A recent article in the Gainesville Times discussed a woman who sued her fiancé for dumping her after she’d left her high paying human resources job and moved to a different city to be with him. And she won! The ex-fiancé received $150,000 for financial and emotional suffering.
At first, I was like, “WTF!, How ridiculous to bring your wounded heart and unsuccessful marriage into legal matters!” But, then I realized that maybe she had a point. I mean, an engagement is sort of a contract, or at least a promise of a long term commitment. And why shouldn’t this woman be repaid for her lost wages and emotional distress.

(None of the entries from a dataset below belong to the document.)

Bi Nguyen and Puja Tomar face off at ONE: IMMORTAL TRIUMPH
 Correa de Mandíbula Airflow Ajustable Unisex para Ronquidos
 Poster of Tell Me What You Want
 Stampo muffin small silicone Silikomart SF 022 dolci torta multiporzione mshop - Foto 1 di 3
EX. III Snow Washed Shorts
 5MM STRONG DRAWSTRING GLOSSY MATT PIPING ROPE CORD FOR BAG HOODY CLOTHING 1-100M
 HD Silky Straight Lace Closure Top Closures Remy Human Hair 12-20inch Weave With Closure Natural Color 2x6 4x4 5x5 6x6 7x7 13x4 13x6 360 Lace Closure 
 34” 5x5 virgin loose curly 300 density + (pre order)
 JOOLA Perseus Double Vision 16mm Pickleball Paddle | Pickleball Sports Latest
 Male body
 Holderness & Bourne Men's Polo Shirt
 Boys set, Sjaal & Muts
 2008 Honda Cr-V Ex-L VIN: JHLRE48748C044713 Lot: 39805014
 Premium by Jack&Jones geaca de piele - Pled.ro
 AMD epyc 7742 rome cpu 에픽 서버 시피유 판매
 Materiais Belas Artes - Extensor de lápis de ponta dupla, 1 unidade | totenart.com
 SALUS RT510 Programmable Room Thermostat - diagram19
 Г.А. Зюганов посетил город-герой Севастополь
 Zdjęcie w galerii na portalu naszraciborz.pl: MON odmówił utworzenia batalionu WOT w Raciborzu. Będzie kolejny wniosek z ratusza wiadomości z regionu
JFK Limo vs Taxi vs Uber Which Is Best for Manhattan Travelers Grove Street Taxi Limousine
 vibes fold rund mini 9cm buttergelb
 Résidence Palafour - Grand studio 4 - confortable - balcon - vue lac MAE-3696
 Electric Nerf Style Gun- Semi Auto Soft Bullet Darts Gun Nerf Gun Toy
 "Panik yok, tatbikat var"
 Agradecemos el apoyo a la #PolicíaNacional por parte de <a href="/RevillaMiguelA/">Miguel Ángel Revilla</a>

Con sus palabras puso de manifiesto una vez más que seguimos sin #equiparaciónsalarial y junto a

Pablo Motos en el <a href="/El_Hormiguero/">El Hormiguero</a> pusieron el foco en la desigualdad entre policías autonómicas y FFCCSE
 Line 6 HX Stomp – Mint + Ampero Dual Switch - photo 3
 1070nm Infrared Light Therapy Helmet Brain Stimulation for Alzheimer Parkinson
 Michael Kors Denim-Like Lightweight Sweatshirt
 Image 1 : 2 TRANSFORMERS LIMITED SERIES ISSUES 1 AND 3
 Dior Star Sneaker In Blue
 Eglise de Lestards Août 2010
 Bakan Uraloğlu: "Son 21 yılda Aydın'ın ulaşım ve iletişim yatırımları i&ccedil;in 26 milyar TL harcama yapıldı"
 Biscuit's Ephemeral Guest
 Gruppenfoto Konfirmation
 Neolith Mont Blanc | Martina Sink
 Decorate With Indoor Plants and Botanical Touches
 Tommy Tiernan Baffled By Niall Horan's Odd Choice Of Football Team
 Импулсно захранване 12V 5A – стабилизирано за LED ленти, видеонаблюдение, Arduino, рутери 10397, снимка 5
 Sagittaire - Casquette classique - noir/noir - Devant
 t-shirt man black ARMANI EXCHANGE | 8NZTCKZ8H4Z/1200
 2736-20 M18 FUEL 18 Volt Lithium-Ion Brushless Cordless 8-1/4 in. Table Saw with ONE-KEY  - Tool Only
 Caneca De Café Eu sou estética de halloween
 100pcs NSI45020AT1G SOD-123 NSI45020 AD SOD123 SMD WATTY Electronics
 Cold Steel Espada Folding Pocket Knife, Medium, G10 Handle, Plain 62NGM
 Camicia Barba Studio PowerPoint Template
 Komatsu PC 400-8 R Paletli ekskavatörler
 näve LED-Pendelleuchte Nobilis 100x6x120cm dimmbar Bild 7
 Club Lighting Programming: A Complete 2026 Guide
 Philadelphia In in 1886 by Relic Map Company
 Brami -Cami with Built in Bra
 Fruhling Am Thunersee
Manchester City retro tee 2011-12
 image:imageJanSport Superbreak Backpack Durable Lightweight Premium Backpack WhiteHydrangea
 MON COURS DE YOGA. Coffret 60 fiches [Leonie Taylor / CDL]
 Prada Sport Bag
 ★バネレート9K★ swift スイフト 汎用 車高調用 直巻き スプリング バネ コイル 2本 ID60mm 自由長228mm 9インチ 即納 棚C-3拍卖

In fact, why can’t everyone receive that luxury? So, I got to thinking; what would I sue my ex for if I could? And this is what I came up with:
Dear Ex-boyfriend (who, shall remain nameless),
In seeing how you dumped me and shattered my heart into a million little pieces, I am taking you to court and suing you for the following:
- The plane tickets for our vacation, two summers in a row
- The countless pharmacy visits with my insurance to get you medicine when you were sick
- The countless pharamcy visits to pick up the birth control that kept you from being a daddy
- Cleaning up your mess after you got drunk, pissed all over your room and, eh hem, me, and then had no recollection of it in the morning
- Your parents’ anniversary presents that I never got reimbursed for
- My respect after you cheated on me for four months, not to mention the fights, the yelling, oh, and the time you spit beer in my face
- The years of acrylic nails I had to put on as a distraction from biting my nails from your stress
For the damage, I could like, in return for my financial and emotional suffering:
- A big fat check for $50,000
Oh, and your balls in a jar.
[Photo courtesy of the State of Ohio]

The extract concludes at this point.